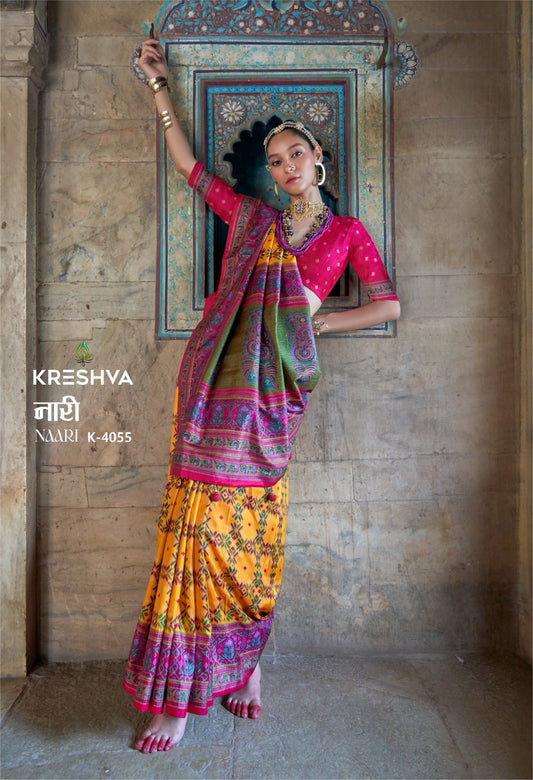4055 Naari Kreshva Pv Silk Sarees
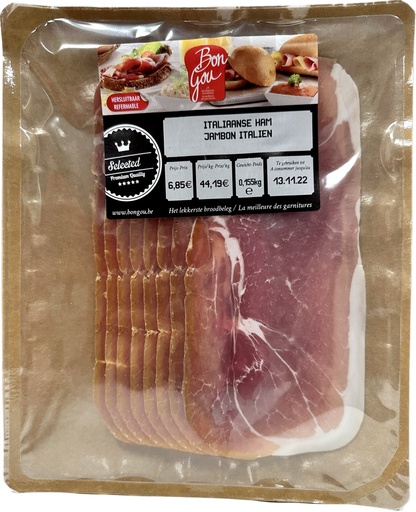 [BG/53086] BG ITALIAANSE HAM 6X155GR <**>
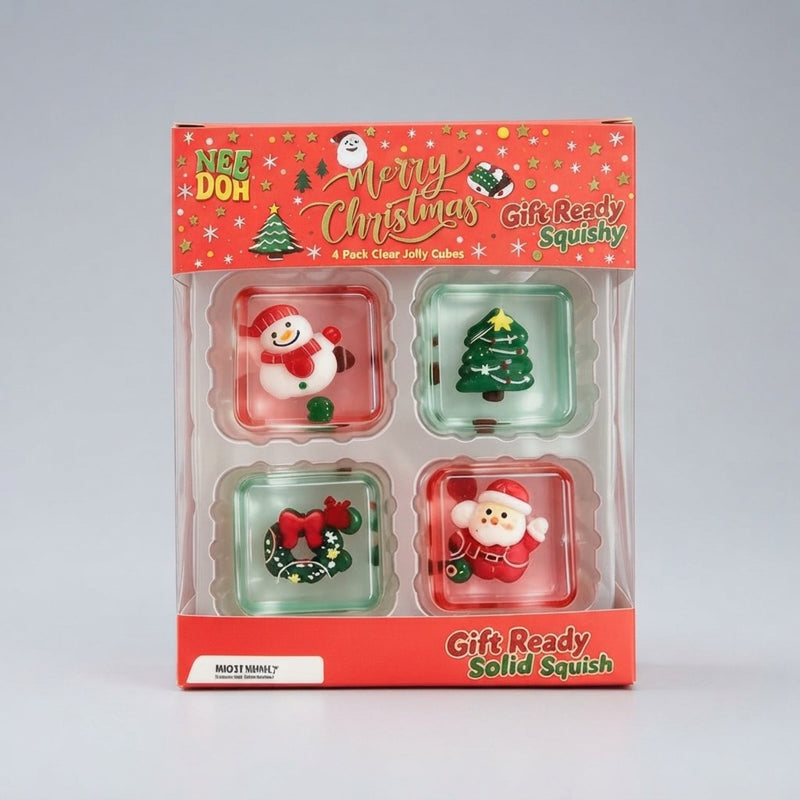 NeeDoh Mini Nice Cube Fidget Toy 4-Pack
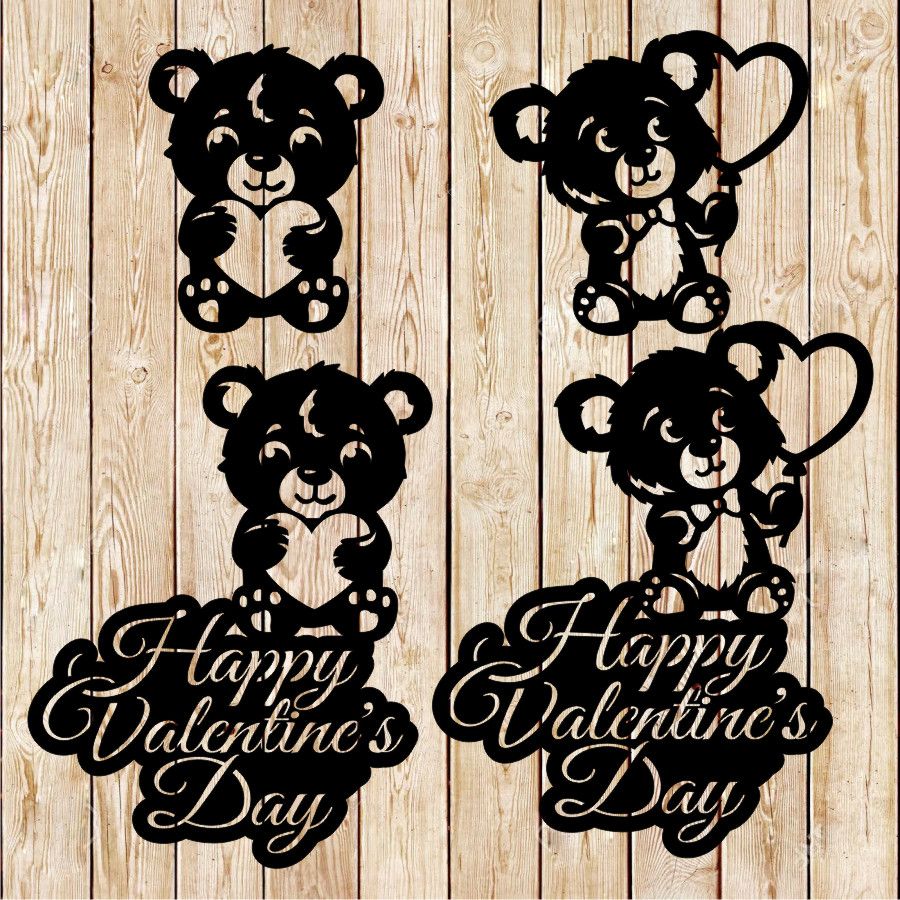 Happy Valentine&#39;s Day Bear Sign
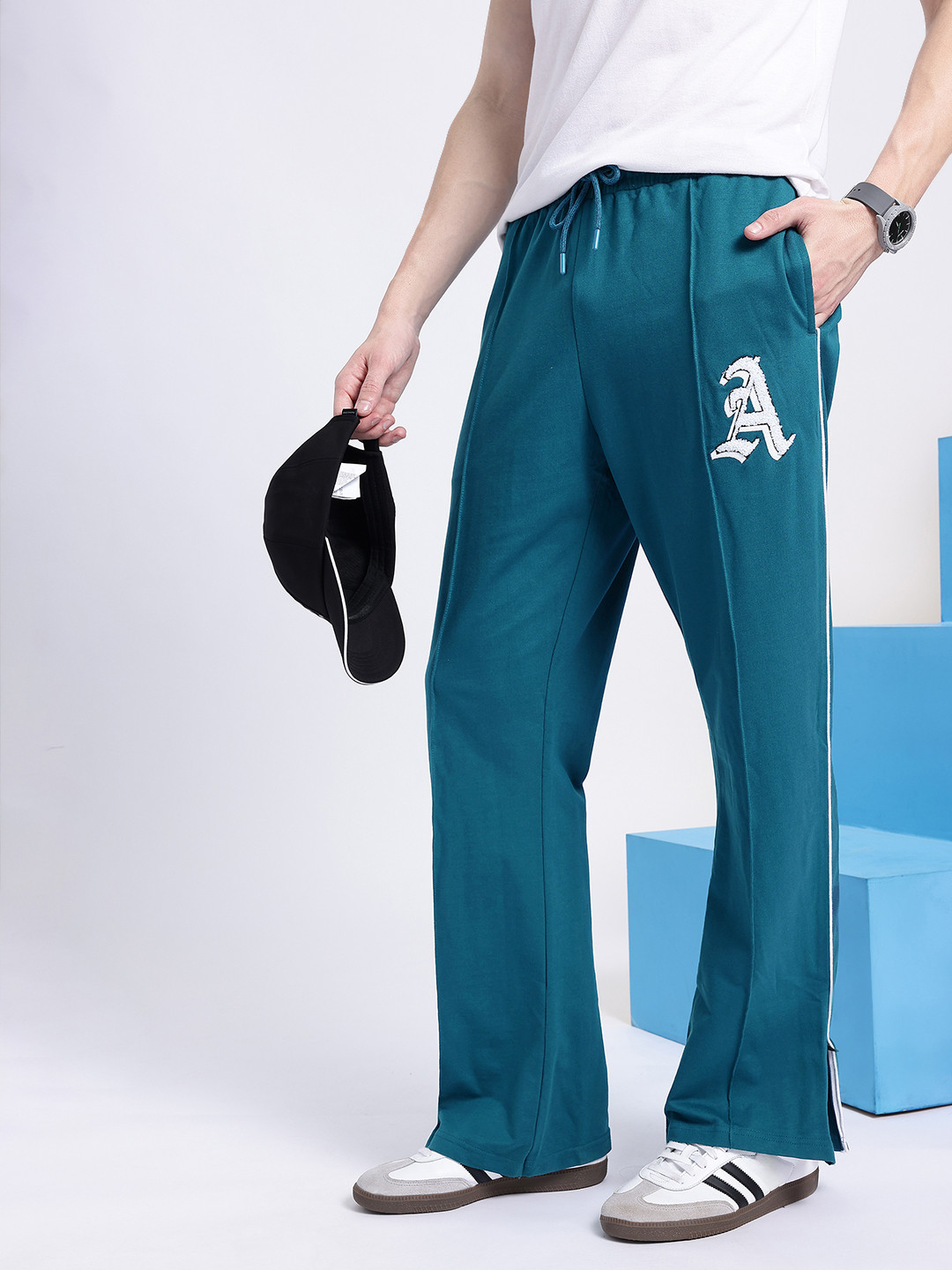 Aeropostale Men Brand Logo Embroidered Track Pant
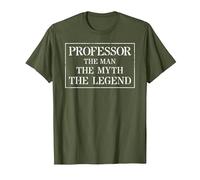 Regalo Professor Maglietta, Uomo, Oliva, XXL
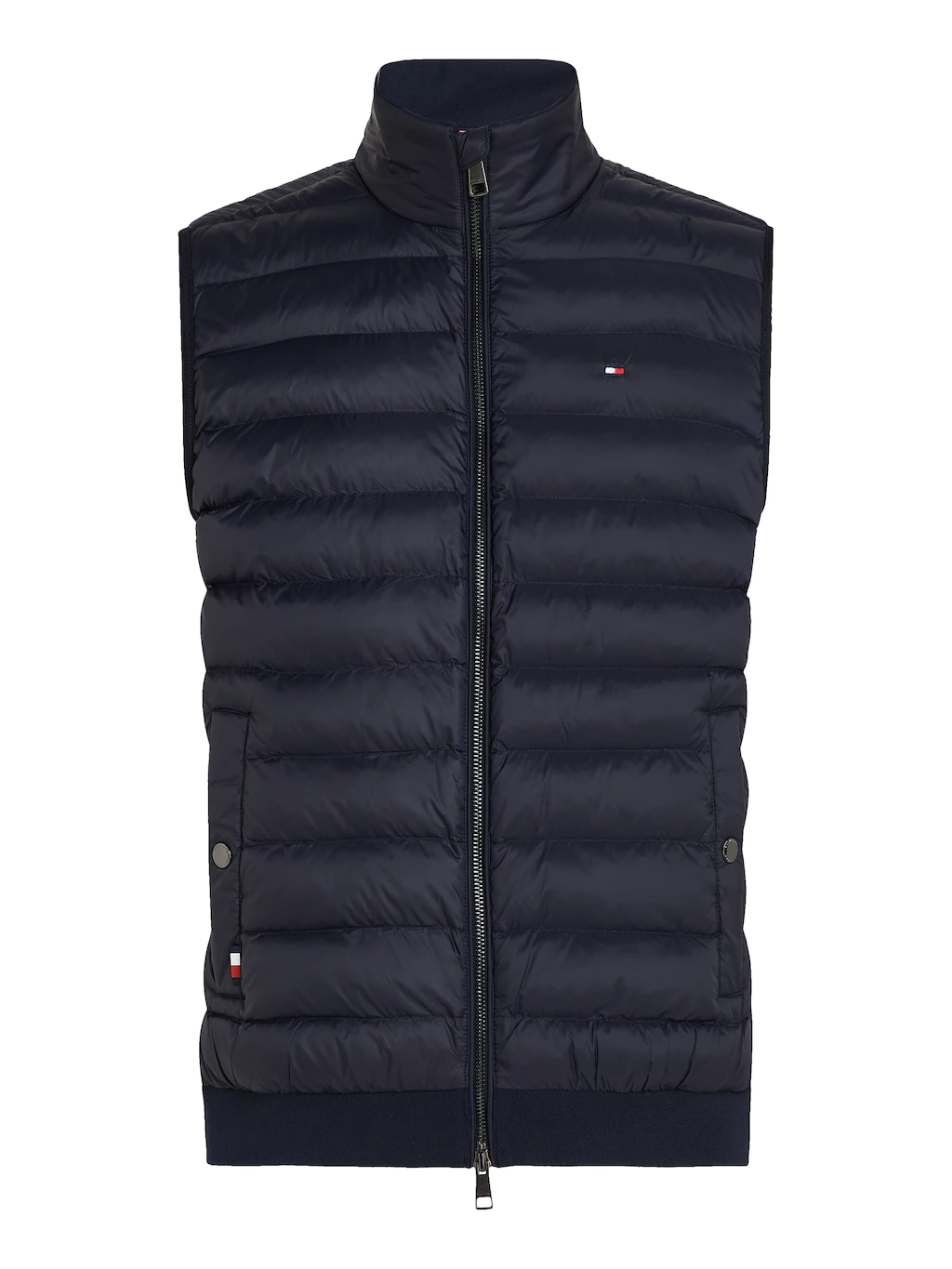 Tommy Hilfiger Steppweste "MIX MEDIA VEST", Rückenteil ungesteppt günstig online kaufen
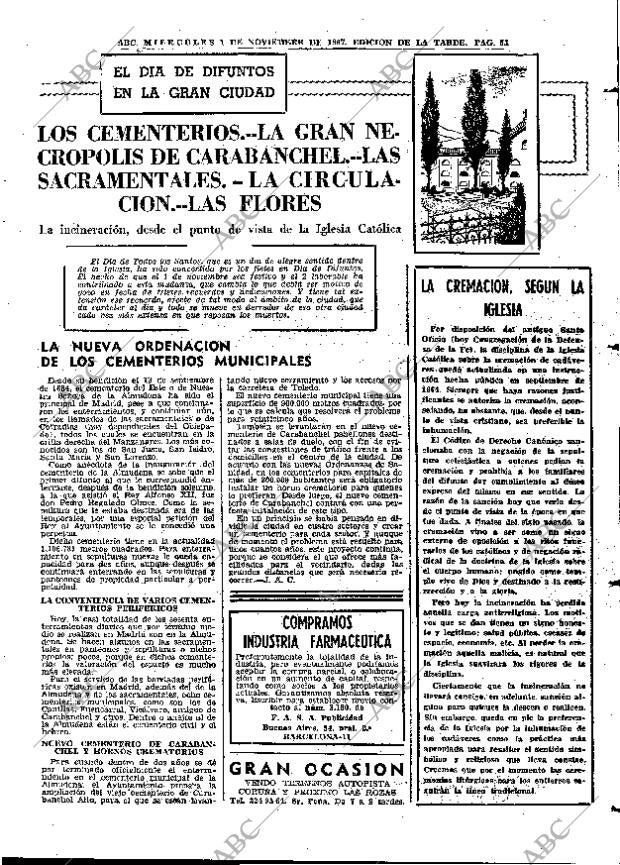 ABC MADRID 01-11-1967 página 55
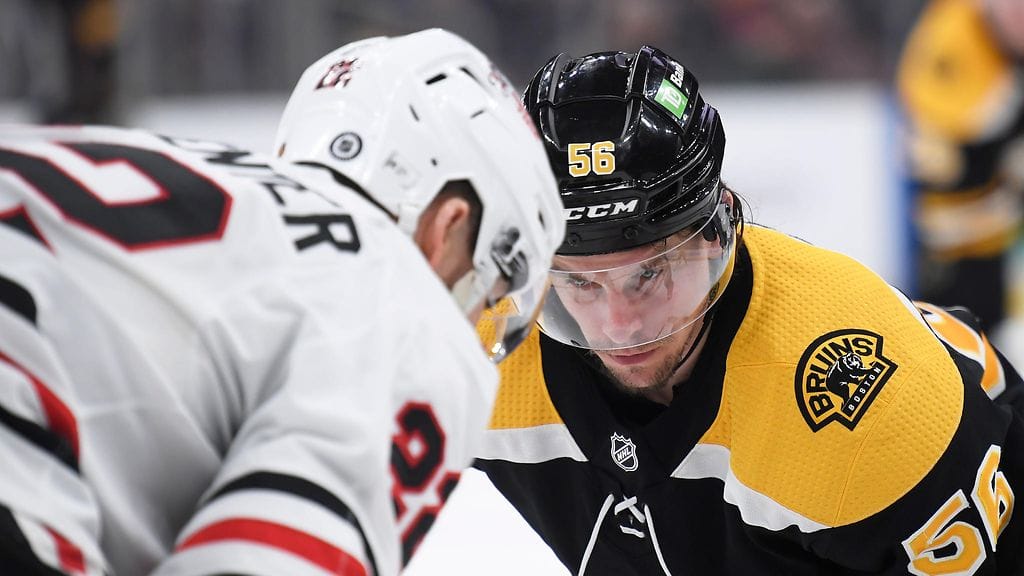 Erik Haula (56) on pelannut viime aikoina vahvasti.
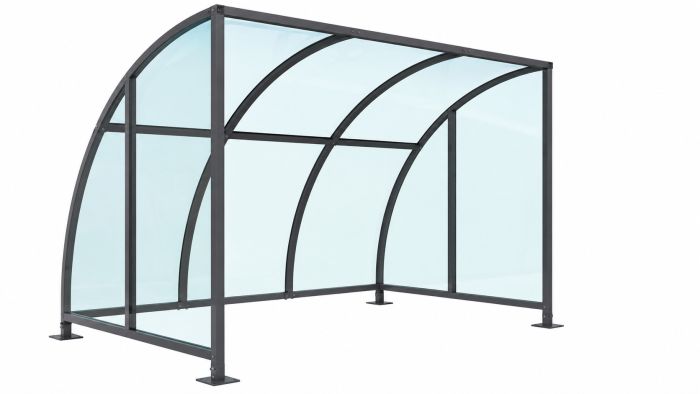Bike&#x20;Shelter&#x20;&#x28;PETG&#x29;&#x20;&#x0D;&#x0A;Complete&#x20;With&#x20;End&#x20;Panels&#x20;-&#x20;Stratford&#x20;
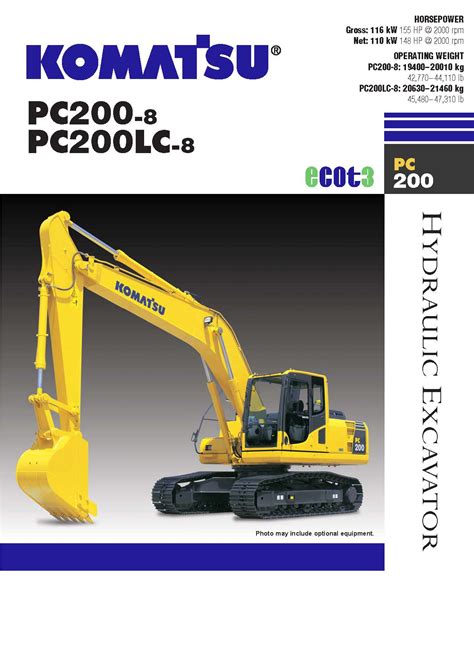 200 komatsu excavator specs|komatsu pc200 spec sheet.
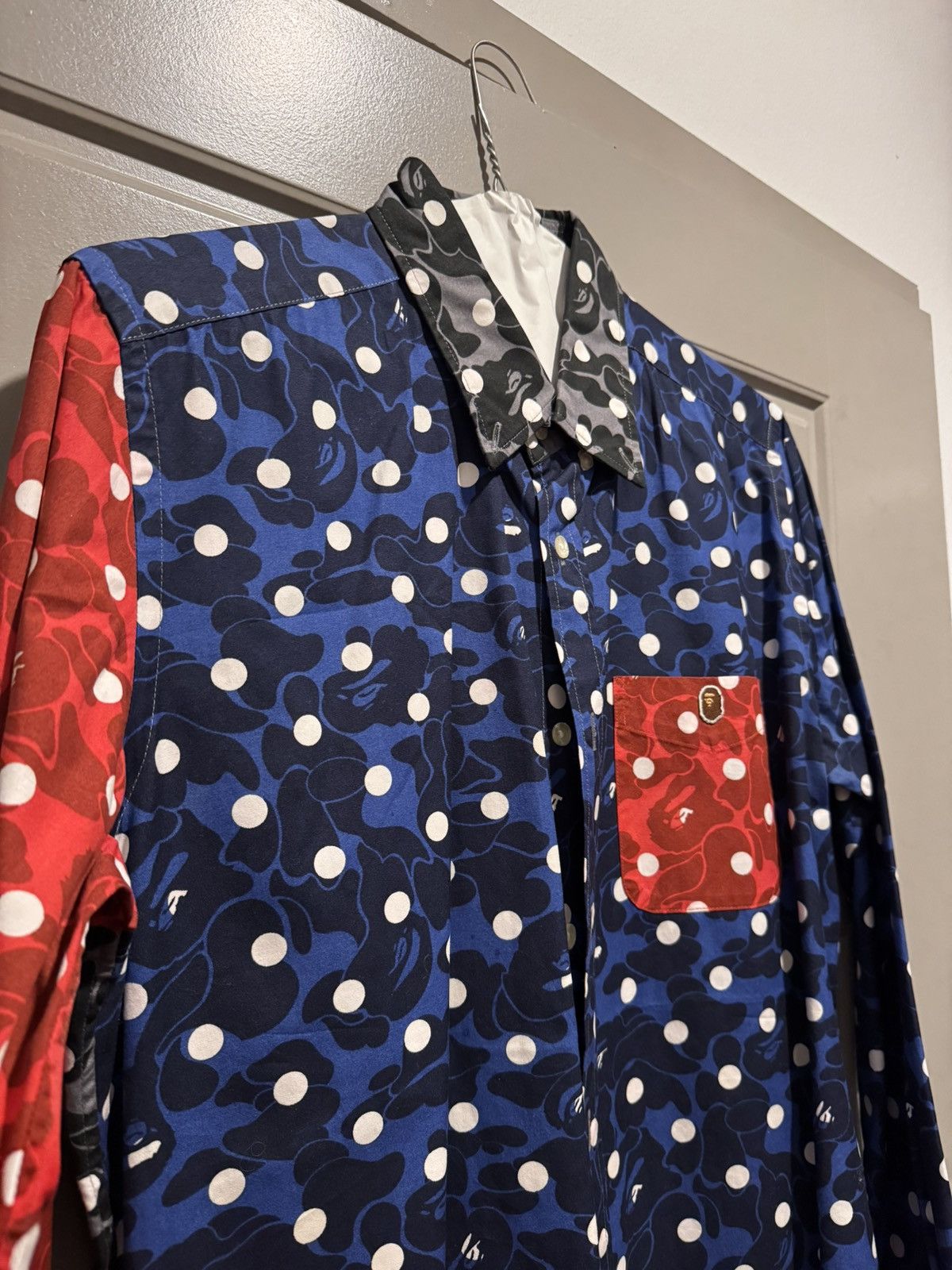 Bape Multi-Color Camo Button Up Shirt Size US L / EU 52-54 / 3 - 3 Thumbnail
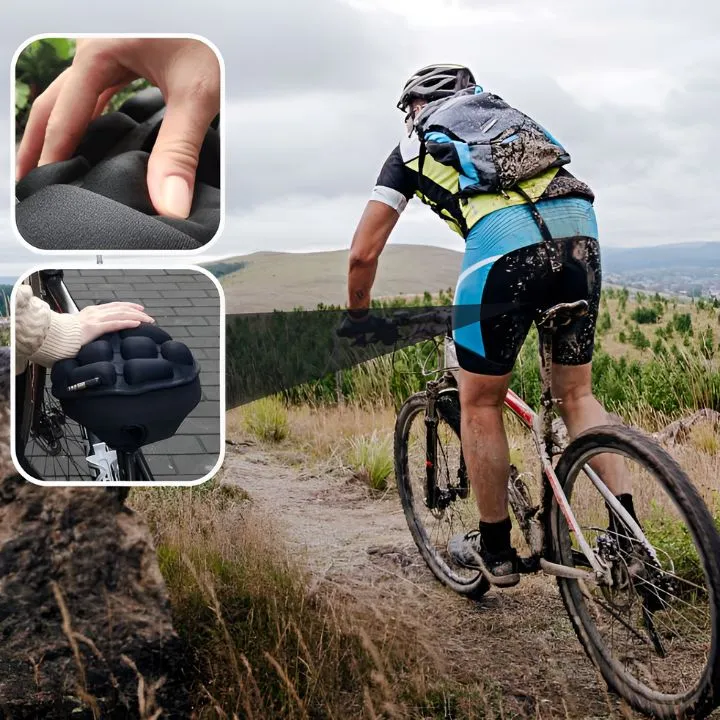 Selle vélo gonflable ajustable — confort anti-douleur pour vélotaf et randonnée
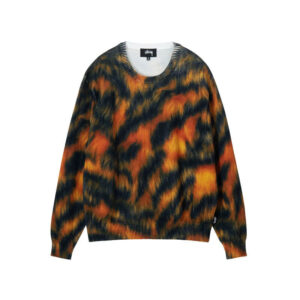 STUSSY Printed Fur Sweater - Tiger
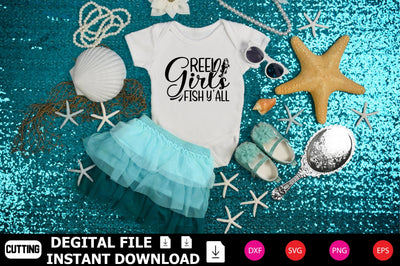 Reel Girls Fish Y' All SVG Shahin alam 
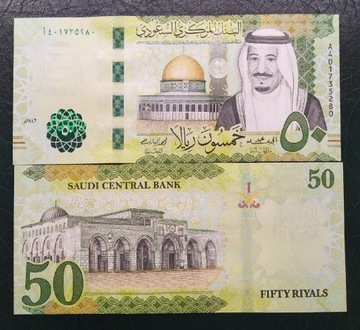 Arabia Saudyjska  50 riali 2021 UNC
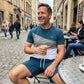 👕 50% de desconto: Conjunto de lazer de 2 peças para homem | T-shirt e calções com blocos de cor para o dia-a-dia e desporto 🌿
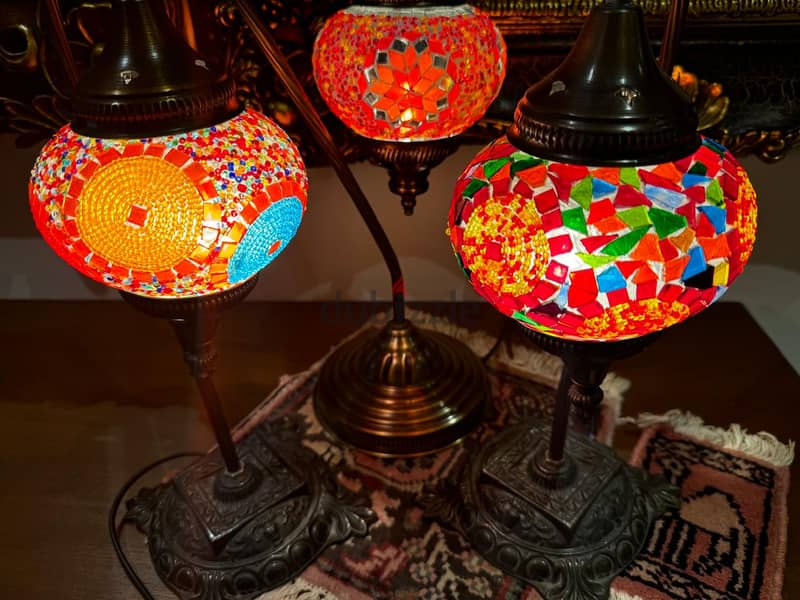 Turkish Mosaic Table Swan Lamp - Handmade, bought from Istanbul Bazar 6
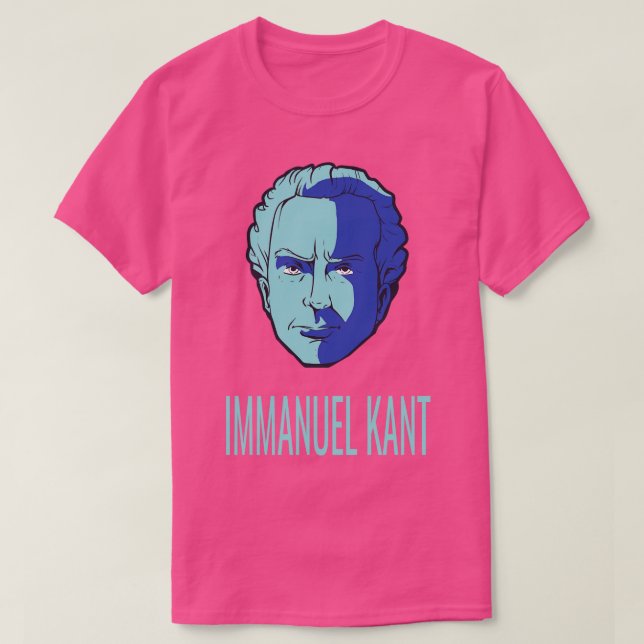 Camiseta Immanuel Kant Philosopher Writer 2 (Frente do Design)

......

§ **What to work on**
Keep to the lines above from the line with "Happy Valentine&#39;s Day Bear Sign" to the line with "Erik Haula (56)", and set down exactly those, inclusive, with nothing else and every picture left out.

§ **Answer space**
 Happy Valentine&#39;s Day Bear Sign
 Aeropostale Men Brand Logo Embroidered Track Pant
 Regalo Professor Maglietta, Uomo, Oliva, XXL
 Tommy Hilfiger Steppweste "MIX MEDIA VEST", Rückenteil ungesteppt günstig online kaufen
 ABC MADRID 01-11-1967 página 55
 Erik Haula (56) on pelannut viime aikoina vahvasti.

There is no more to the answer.